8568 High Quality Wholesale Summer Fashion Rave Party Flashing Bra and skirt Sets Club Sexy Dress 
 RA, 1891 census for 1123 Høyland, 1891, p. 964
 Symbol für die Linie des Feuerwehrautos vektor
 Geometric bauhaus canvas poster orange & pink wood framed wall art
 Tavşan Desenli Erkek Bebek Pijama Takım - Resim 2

^^^^

### Goal of the exercise
Once the line with "Symbol für die" is found, transcribe it and each line after it through the final line of the entries, exactly and only.

### Task result
 Symbol für die Linie des Feuerwehrautos vektor
 Geometric bauhaus canvas poster orange & pink wood framed wall art
 Tavşan Desenli Erkek Bebek Pijama Takım - Resim 2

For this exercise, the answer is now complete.